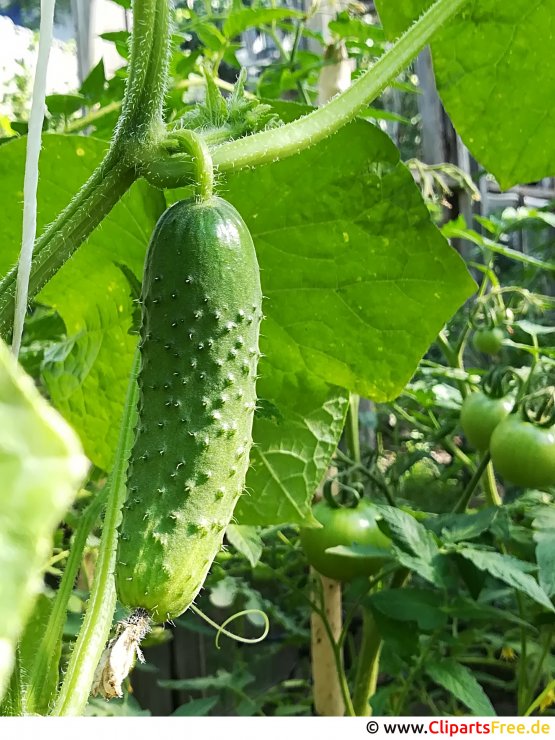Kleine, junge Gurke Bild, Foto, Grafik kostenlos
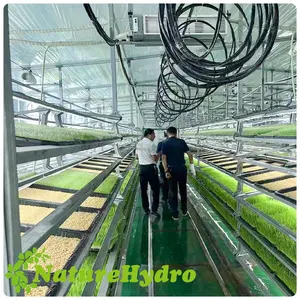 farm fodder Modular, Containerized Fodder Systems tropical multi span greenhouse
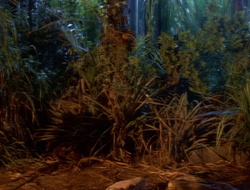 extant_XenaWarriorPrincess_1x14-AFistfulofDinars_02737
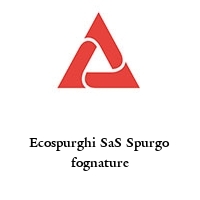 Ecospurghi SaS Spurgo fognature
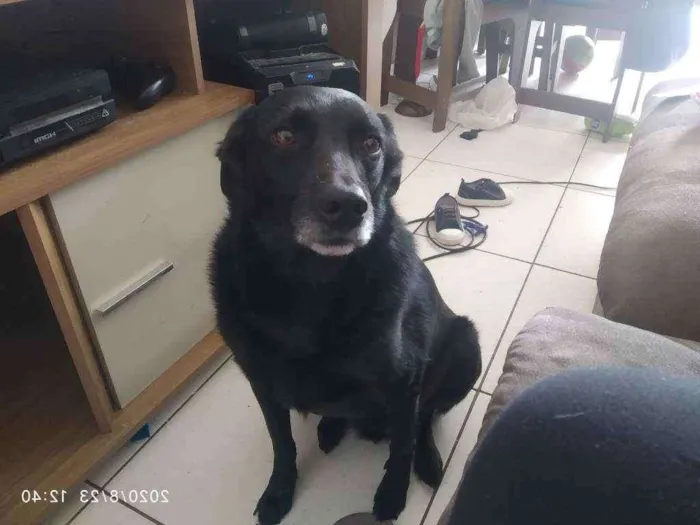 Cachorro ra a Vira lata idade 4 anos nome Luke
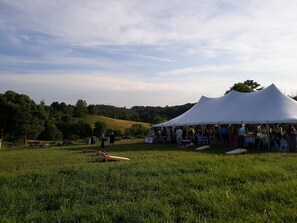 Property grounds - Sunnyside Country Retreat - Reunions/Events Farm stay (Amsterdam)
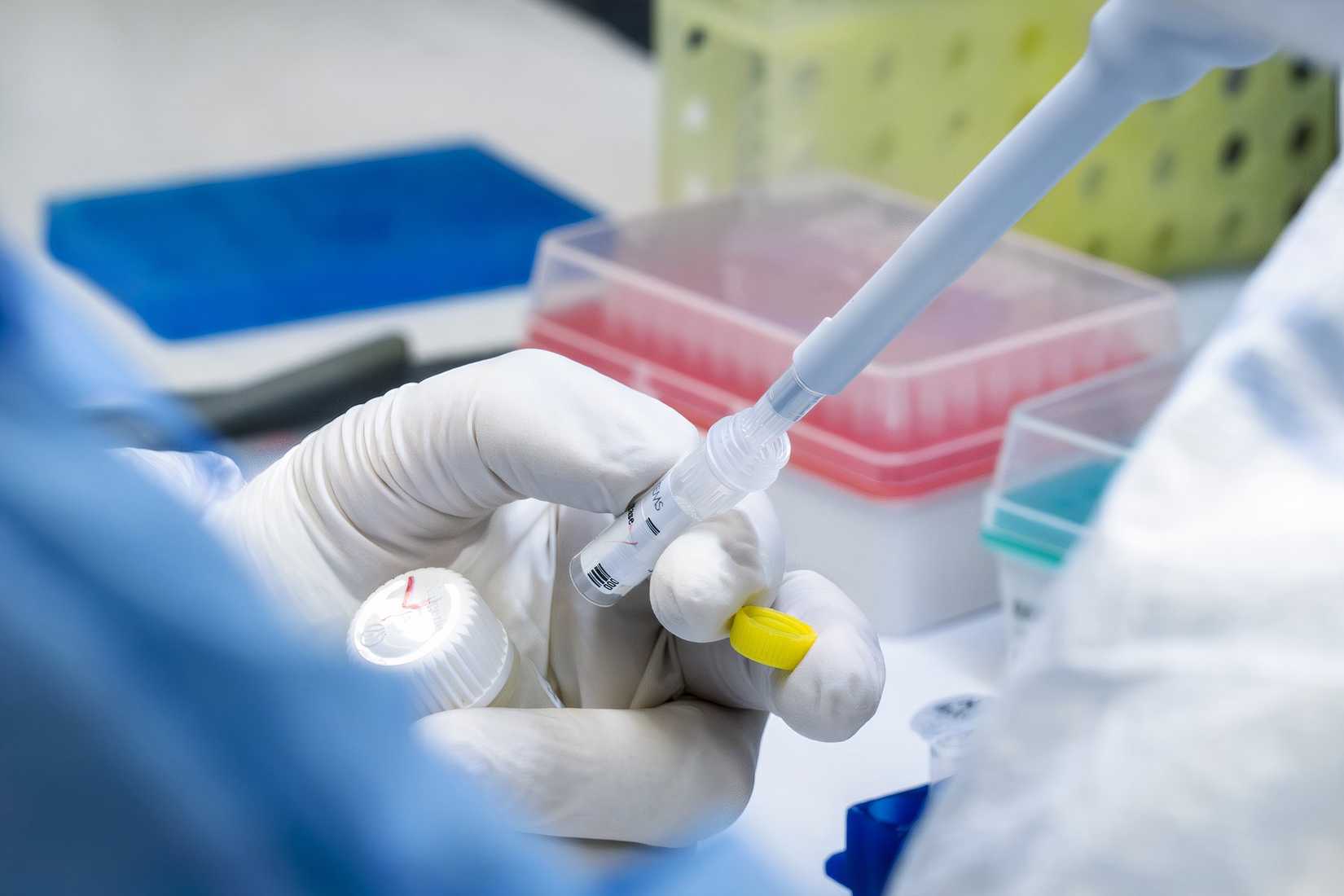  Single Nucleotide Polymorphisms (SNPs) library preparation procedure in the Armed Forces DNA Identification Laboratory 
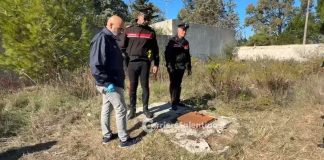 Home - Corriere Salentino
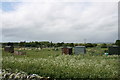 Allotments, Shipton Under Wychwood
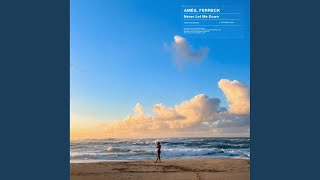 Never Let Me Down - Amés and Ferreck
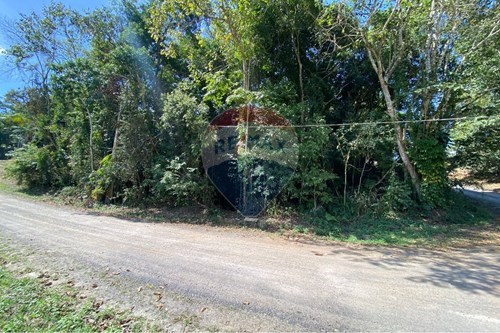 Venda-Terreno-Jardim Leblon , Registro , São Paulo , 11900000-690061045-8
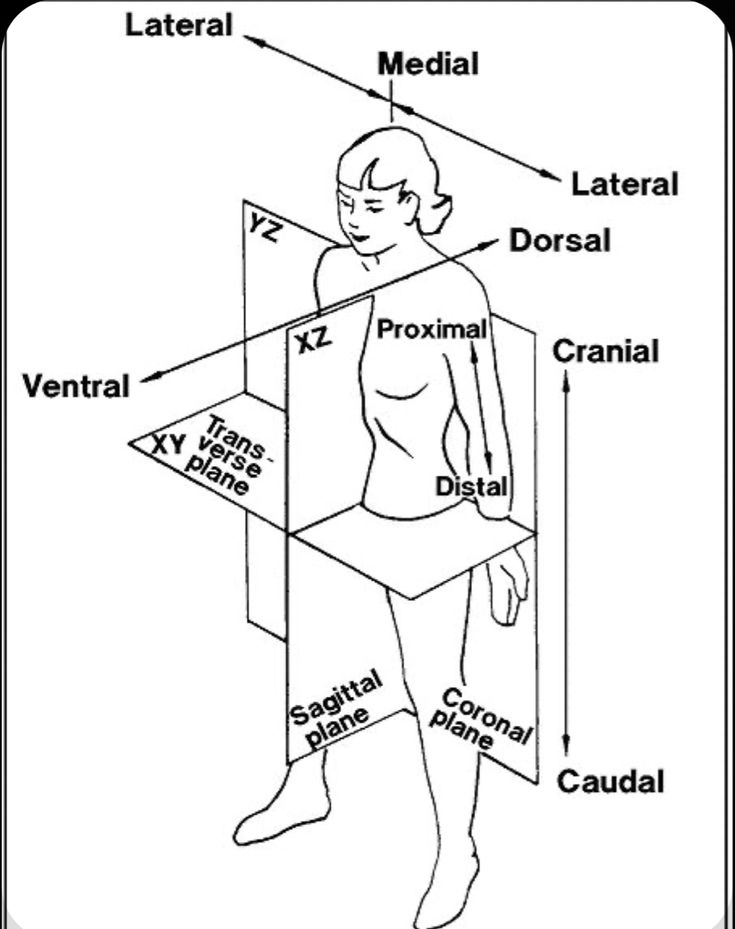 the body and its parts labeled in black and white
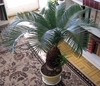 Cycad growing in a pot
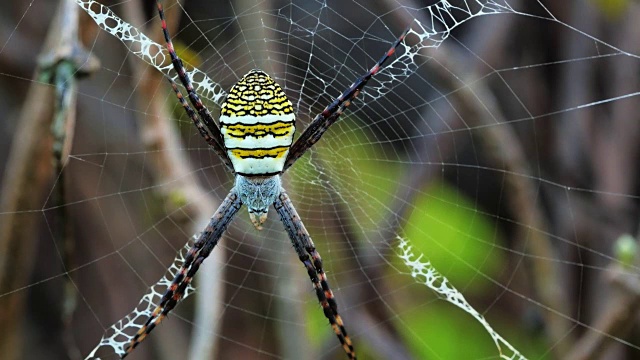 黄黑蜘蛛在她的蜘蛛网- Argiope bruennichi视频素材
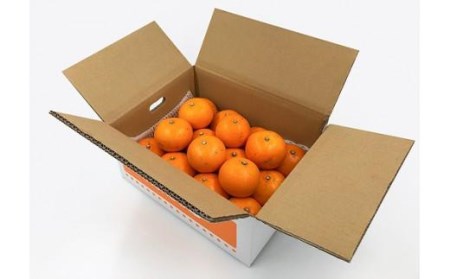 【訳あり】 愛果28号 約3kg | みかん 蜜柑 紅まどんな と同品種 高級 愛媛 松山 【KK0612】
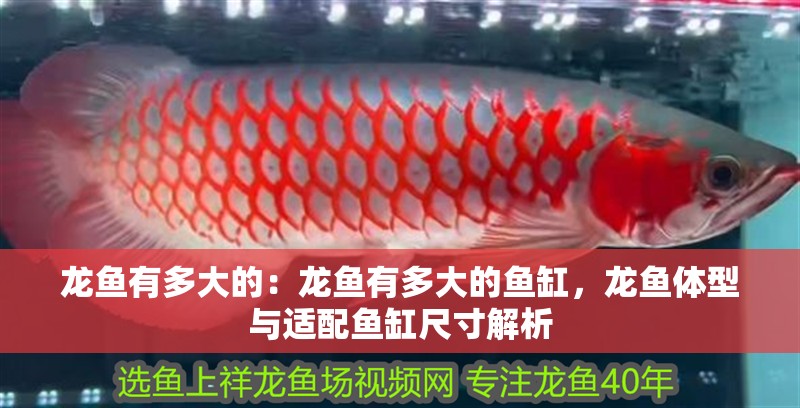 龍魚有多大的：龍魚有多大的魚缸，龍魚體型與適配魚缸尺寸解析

▸ **What is required**: With the images removed, reproduce all the material above word for word.

▸ **Response area**:
Kleine, junge Gurke Bild, Foto, Grafik kostenlos
 farm fodder Modular, Containerized Fodder Systems tropical multi span greenhouse
 extant_XenaWarriorPrincess_1x14-AFistfulofDinars_02737
 Ecospurghi SaS Spurgo fognature
 Cachorro ra a Vira lata idade 4 anos nome Luke
 Property grounds - Sunnyside Country Retreat - Reunions/Events Farm stay (Amsterdam)
  Single Nucleotide Polymorphisms (SNPs) library preparation procedure in the Armed Forces DNA Identification Laboratory 
 Home - Corriere Salentino
 Allotments, Shipton Under Wychwood
 Never Let Me Down - Amés and Ferreck
 Venda-Terreno-Jardim Leblon , Registro , São Paulo , 11900000-690061045-8
 the body and its parts labeled in black and white
 Cycad growing in a pot
 黄黑蜘蛛在她的蜘蛛网- Argiope bruennichi视频素材
 【訳あり】 愛果28号 約3kg | みかん 蜜柑 紅まどんな と同品種 高級 愛媛 松山 【KK0612】
 龍魚有多大的：龍魚有多大的魚缸，龍魚體型與適配魚缸尺寸解析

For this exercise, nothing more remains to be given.